BLACKKKLANSMAN
Inspired by true events – or, as an opening title card explains, “based upon some fo' real, fo' real sh*t – BlacKkKlansman is a police procedural, a thriller, a comedy, a celebration of black identity, an indictment of white nationalism, and a rallying cry against more than a century's worth of media and public complacency, misrepresentation, and offense. Being a Spike Lee joint, the movie's stunning success on these and additional levels isn't necessary a surprise.

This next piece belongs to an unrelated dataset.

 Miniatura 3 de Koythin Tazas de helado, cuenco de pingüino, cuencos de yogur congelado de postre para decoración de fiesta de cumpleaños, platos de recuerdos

The shock of Lee's achievement, however, lies in how seamlessly its creator interweaves so much societal outrage, and so much artistry, in the service of what is essentially a high-concept, crowd-pleasing entertainment. (Replace leads John David Washington and Adam Driver with Kevin Hart and Ryan Reynolds, and you'd have a buddy-pic blockbuster that would yield sequels galore.) Lee's latest is, I think, legitimately great, ranking up there with 25th Hour and Chi-raq as his finest non-documentary work of the millennium. It's also, though, an unbelievably great time – right up until the moments in which Lee, with clear vision and passion, pulls the rug out, reminding you of the real-world horrors lurking beneath the movie's considerable cinematic pleasures.

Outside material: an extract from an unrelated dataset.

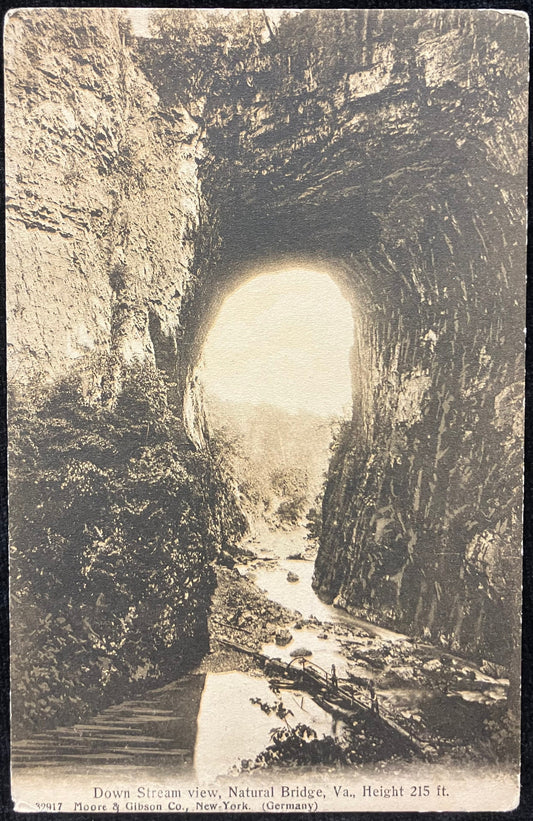 Down Stream view, Natural Bridge, Virginia, Height 215 ft. - Moore & Gibson Co., New-York. (Germany) - Vintage Postcard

One of them is the pleasure of spending two hours in the company of Washington, who is indeed Denzel's son, and who's so reminiscent of his father in look, voice, and easy charisma that it's almost like time-traveling to the early-1990s' Denzel/Spike heyday of Mo' Better Blues and Malcolm X. Washington plays Ron Stallworth, the first black officer recruited into the Colorado Springs police force who, in 1979, landed upon a want ad seeking members for the town's burgeoning chapter of the Ku Klux Klan. With hopes of becoming an undercover officer and, in the process, ruining the Klan's plans for expansion, Stallworth called the number in the ad and, adopting a “white” dialect, connected with the group's leader (Ryan Eggold's Walter), with the two men making immediate plans to meet in person. There were, however, a few hitches. One was Stallworth's actual race, an inconvenience handled by the recruitment of white partner Flip Zimmerman (the astounding Adam Driver) to portray Stallworth in person. Another, less foreseen hitch was that Stallworth absentmindedly provided Walter with his actual name, meaning that if the plan went south, there was no alias to prevent pissed-off Klansmen from hunting for the very real Ron Stallworth. And to further complicate matters, Zimmerman was, unbeknownst to Stallworth, Jewish, making his “friendly” in-person dealings with torch-wielding, cross-burning Klansmen all the more fraught.
BlacKkKlansmen subsequently explores how Stallworth and Zimmerman cozied up to the Klan in order to (locally) eradicate it, with both men eventually having face to face encounters with national director David Duke (a pitch-perfect Topher Grace), and on the evening I saw the film, I could all but feel patrons' delight and relief in realizing how many of these scenes were designed to be funny. (The script, based on Stallworth's 2014 book, is by Lee, Charlie Wachtel, David Rabinowitz, and Kevin Willmott.) Lee's latest already had its share of hilarious bits prior to Stallworth's fateful phone call; a spectacularly blustery Alec Baldwin portrayed a white nationalist giving a terrible audition for a KKK recruitment film, and when Stallworth revealed his naīveté about institutional racism to his future employer, the official responded with a riotously unfinished expletive that brought the house down. (As he proved in 25th Hour, no can can turn “shit” into a five-syllable marathon quite like Isiah Whitlock Jr.)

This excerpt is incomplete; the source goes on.